I wanted to catch the right hon. Gentleman’s eye before he left that point. With reference to honouring the past, can he confirm to the House that going forward under the transitional arrangements, those rights that have been built up in STP will be uprated by the consumer prices index?
Yes, I can confirm that to the right hon. Gentleman. Unless there is some reason why he disagrees with that and wants to come back at me, I will make progress.
I thank the Secretary of State for giving way before he moves on. We are talking about winners and losers. Is it not the case that the average payment that a pensioner will receive per week under the single-tier pension is less than the current average payment?
No. I am not sure how the hon. Lady arrived at that conclusion. It is not the case. The vast majority will get more in decades to come. We are happy to discuss that further if she has some information that she wants to share with us.

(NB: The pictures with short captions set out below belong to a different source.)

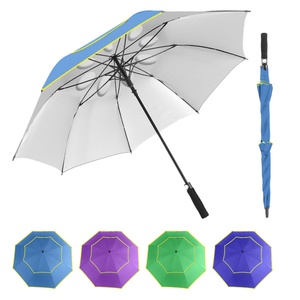 Professional Straight Fluorescent Green Edging Golf <b>Umbrella</b> Semi-Automatic Opening air Vented Customized Color <b>Umbrella</b> - Product Image 4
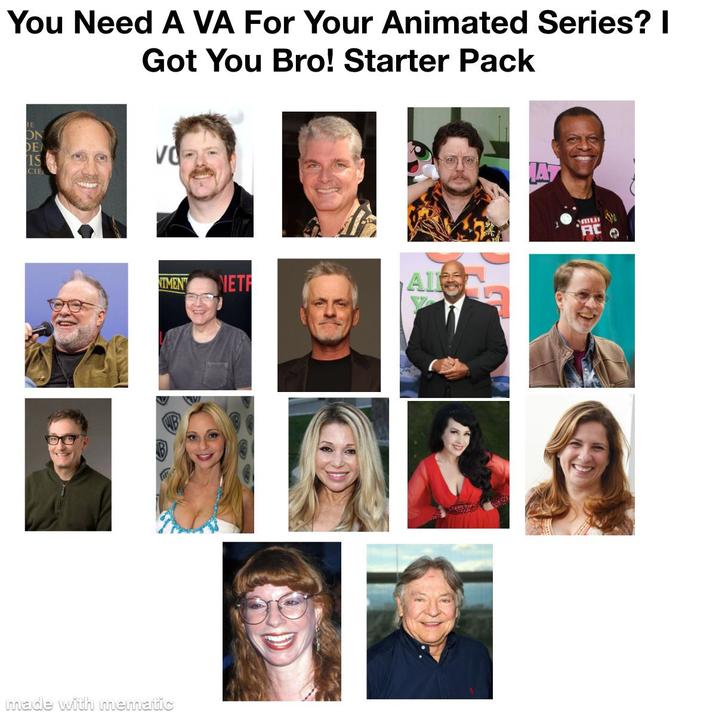 You Need A VA For Your Animated Series? I Got You Bro! Starter Pack E ON DEN IS CIE vd NTMENT made with mematic NETF Al MIILI RC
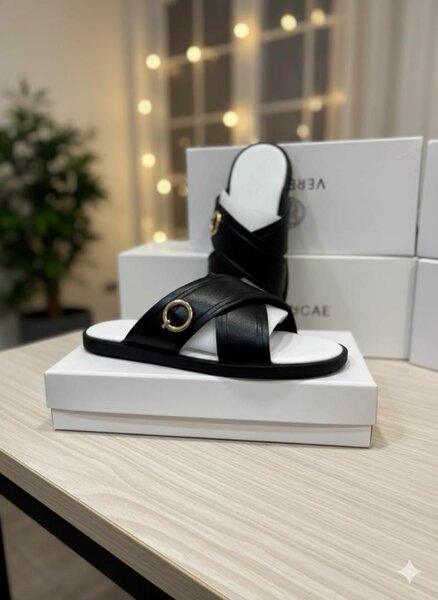 Sandales de Luxe Noir Minimalistes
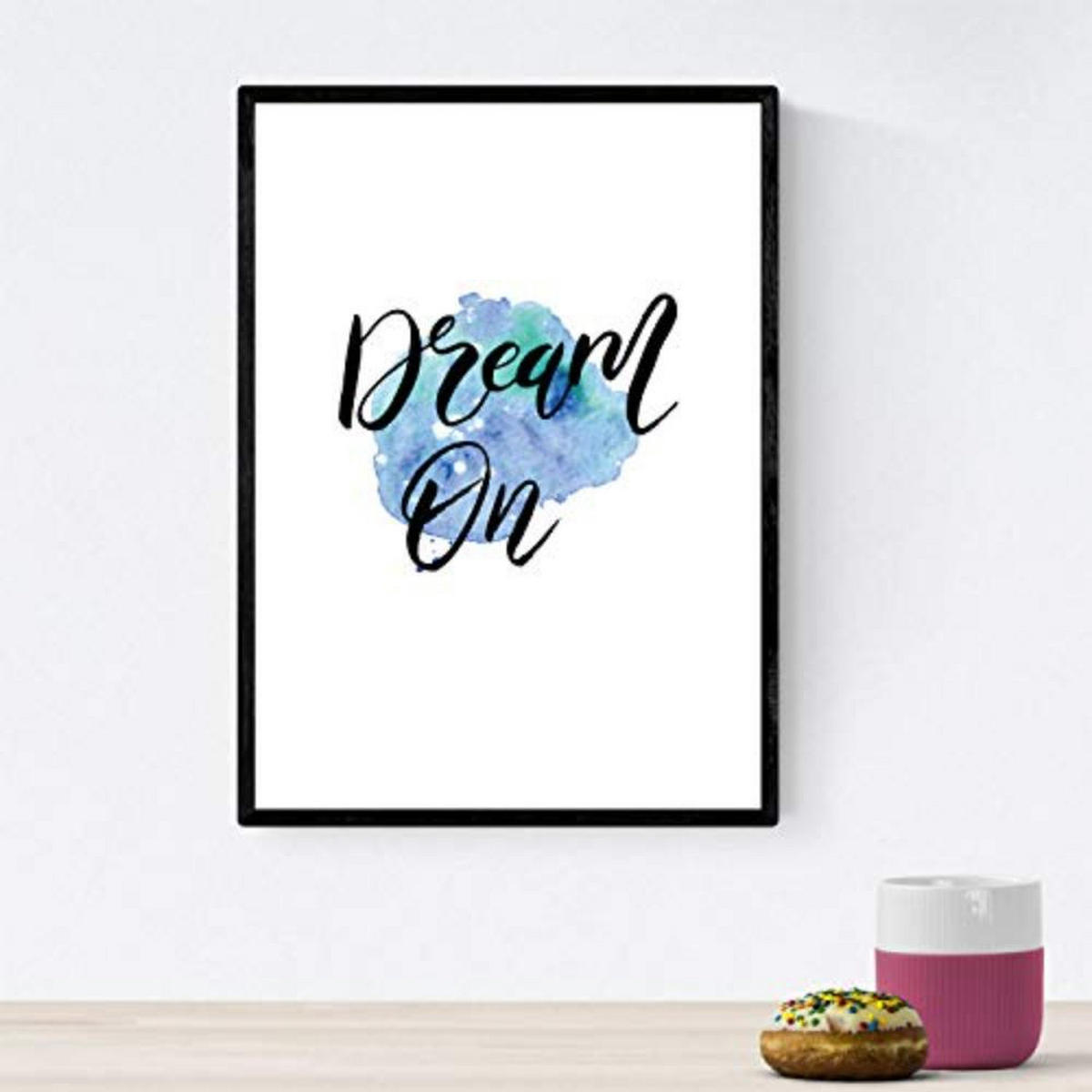 POSTER Set mit 4 glücklich und bunt Love Is In The Air A3 Rahmenlos - Klar, Papier (29.7/3cm) - Nacnic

In 2020 three quarters of new pensioners will get the higher state pension, following the introduction of the single tier, particularly benefiting those who have historically had poorer state pension outcomes. There will be better provision for the low-paid, including 60% of the lowest income pensioners who will have higher incomes in retirement by 2040, compared with rolling forward the current system. There will be better provision also for the self-employed—this is a big plus—who for the first time in about 40 years will be treated the same as employees for the purpose of state pension entitlement. That is a genuine gain.
There will be better provision for those with broken contribution records, especially women and those with caring responsibilities. I hope that this will be seen in all parts of the House as part of a rolling process to try to include them in the process and reward them for doing a hugely responsible job in society. More than 700,000 women who reach state pension age in the first decade after single tier is introduced will receive on average £9 a week more. That is quite a significant change. By bringing forward implementation to 2016 rather than 2017, an additional 85,000 women will retire under the single tier. That was a debate that took place previously and I hope the measure will be welcomed in all parts of the House. However, this better provision will be sustainable only if we get to grips with the unprecedented demographic shifts reflecting and affecting our population.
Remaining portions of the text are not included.